Quartieri dei 20 minuti, il nuovo modello urbano

View from my wondows è il nome di un gruppo Social, a cui Lifestyleslow ha dedicato un articolo nel lungo periodo del Lockdown. Inutile negare che la Pandemia ha cambiato il nostro modo di concepire la vita, ma anche il vivere e il vivere la casa. Già da anni si parla di un modello di progettazione urbana, che metta al centro l’uomo e le sue esigenze. Lo abbiamo visto con le Smart City e si sta facendo largo un nuovo concetto sui modelli di città come Portland e Melbourne: i quartieri dei 20 minuti.

La concentrazione dell’attenzione su salute e benessere ha portato a una pianificazione strategica delle città; i quartieri dei 20 minuti si propongono di assicurare ai residenti di avere entro venti minuti di cammino tutti i servizi di cui necessitano.

Ritornando all’esperienza del lockdown, sul gruppo social prima citato, i membri postano vedute dalla loro finestra. Immagini da tutto il mondo fanno il giro del mondo, con testi e considerazioni diverse, e negli scritti della maggior parte di quelle persone si percepisce un ritrovato ritmo di vita slow, più lento. La vita è cambiata – molti scrivono – abbiamo imparato la contemplazione, ad apprezzare le piccole cose, il nostro mondo è ciò che ci circonda, il terrazzo, il giardino, il pc in veranda, il gatto, la stanza relax.

Il consumismo, la realtà virtuale e l’economia globale, forse hanno fatto più danni di quanto possiamo immaginare. Molti, non tutti, hanno apprezzato una vita più lenta, hanno assaporato il gusto di un piatto preparato con calma, la vicinanza della natura, un giardino, una passeggiata a piedi. Qualche membro del gruppo “View from my windows” ha anche scritto la frase “Grazie al lockdown”.

Edinburgh Gardens

Dove stanno nascendo Quartieri dei 20 minuti

Melbourne, Parigi, ma anche Milano e Genova. In questi quartieri si gira in bici ed è tutto raggiungibile facilmente, i negozi, le scuole, i centri medici; c’è proprio tutto ad una distanza massima di venti minuti. La riduzione della circolazione di auto è evidente e si sente, si ripercuote sulla qualità dell’aria e non solo; queste periferie diventano un’alternativa più appetibile rispetto alla vita caotica delle città.

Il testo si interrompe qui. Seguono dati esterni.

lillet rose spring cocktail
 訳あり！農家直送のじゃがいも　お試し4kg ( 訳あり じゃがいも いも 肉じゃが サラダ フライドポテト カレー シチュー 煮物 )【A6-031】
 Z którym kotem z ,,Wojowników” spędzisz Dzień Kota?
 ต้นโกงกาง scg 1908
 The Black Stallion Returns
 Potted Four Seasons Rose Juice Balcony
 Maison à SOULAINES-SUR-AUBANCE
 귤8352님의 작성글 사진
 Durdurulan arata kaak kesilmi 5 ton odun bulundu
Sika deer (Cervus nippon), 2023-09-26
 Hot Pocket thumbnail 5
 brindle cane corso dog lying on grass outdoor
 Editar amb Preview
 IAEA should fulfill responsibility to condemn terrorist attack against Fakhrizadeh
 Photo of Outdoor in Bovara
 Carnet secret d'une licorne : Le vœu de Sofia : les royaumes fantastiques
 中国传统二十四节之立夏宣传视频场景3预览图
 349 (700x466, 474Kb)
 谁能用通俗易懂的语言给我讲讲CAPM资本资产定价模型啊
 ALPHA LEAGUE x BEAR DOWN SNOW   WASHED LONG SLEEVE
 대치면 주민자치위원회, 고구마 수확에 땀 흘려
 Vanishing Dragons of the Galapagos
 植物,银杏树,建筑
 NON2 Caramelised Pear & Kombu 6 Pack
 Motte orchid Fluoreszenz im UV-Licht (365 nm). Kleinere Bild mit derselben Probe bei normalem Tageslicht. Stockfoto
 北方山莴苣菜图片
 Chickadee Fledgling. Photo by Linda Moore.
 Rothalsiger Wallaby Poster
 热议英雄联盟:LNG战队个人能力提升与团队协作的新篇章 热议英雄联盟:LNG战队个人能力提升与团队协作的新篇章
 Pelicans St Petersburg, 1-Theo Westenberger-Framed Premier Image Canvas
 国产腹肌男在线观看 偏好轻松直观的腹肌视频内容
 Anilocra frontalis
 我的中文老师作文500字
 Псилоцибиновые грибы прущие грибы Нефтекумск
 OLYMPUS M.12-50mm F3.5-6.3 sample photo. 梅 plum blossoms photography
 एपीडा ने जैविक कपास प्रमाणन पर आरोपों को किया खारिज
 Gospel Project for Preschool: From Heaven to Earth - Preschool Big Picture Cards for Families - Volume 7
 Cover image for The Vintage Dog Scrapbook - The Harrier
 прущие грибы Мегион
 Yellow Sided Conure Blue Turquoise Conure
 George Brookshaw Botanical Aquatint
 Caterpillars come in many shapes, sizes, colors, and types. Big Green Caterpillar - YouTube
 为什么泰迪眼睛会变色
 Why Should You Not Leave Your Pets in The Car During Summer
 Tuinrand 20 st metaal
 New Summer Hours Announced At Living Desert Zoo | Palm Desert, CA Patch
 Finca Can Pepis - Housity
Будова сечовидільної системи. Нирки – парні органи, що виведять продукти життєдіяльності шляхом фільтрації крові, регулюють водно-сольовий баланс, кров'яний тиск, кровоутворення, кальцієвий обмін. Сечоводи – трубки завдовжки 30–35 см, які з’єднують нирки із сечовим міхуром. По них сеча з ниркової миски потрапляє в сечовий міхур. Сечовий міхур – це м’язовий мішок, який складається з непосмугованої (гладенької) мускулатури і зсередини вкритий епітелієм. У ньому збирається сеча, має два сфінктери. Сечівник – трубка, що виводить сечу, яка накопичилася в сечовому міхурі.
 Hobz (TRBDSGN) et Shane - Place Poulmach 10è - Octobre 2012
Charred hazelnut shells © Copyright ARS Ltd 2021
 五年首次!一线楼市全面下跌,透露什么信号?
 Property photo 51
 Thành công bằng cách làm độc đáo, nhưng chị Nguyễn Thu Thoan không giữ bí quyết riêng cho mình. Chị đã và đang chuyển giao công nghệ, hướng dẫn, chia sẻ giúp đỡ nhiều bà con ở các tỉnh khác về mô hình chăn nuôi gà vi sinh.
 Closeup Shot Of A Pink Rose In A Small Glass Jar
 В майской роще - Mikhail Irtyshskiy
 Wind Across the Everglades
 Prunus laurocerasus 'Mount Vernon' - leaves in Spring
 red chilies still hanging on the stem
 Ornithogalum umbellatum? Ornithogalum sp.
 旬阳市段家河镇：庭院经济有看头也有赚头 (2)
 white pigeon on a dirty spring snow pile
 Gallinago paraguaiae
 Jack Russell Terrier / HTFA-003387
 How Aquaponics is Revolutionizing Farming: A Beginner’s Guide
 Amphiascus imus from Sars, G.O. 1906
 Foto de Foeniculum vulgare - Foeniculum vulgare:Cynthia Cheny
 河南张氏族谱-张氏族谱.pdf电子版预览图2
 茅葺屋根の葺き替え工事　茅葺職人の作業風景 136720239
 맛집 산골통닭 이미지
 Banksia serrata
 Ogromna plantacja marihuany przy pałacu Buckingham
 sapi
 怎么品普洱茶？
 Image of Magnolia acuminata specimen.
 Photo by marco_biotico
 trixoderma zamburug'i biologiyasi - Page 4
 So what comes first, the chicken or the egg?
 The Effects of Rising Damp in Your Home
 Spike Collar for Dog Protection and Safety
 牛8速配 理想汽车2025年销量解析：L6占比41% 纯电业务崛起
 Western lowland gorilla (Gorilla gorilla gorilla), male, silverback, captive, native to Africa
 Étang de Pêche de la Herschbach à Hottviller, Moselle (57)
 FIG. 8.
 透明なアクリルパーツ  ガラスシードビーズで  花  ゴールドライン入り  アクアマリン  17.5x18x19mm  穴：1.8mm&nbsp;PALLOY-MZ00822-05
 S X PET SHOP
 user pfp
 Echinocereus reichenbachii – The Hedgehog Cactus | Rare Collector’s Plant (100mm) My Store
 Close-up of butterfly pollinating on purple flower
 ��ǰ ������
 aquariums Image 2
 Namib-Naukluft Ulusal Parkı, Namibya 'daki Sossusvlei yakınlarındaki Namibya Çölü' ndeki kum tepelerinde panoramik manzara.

Quartieri dei 20 minuti: I vantaggi

I vantaggi dei quartieri 20 minuti sono tanti:

  • Qualità di vita migliore;
  • Riduzione dell’inquinamento cittadino;
  • Decongestionamento del traffico;
  • Più felicità per il tempo libero guadagnato;
  • Occasione per vivere di più il quartiere attraverso piccole comunità

Cambiano le abitazioni, cambiano le città

Come si vive in città? Come abbiamo vissuto la vita prima del lockdown?

Tutti possono cambiare il proprio stile di vita in qualsiasi momento, molti lo hanno fatto, anche molto prima del lockdown. Il consumismo ha imposto ritmi di lavoro insostenibili, sia per la propria vita sia per l’ambiente, e molti hanno cercato semplicemente di guadagnare il tempo perso nell’attesa dei mezzi pubblici, nelle interminabili riunioni di lavoro, per recuperarlo e utilizzarlo al meglio.

Come si realizza un Quartiere dei 20 minuti?

Innanzitutto dalla visione che le persone hanno della vita in generale, dello spazio e del tempo a disposizione. Non poco dipende dalla politica, in questo caso, la loro lungimiranza è fondamentale.

Alla base dei quartieri dei 20 minuti vi è un design urbano di alta qualità, ampi spazi sicuri e fruibili, molto verde da vivere, creazione di interazioni fra le persone proficue e durature. I mezzi economici devono arrivare soprattutto dal pubblico, insieme a investimenti privati. Requisito importante per la realizzazione di quartieri più vivibili dove la gente è più felice è l’esistenza e l’impegno di menti aperte al futuro e all’innovazione.

In Italia, l’esperimento di Quartiere 20 minuti di Genova

A  Genova si punta al restyling di alcuni quartieri del centro storico tramite un progetto pilota, collegando la città al fronte  Mare di Levante attraverso una pista ciclabile e grazie alla mobilità elettrica.

Si sta anche pensando di migliorare l’offerta abitativa per gli studenti, incentivare la mobilità con minibus, a nuovi percorsi ciclopedonali, per ridurre lo smog.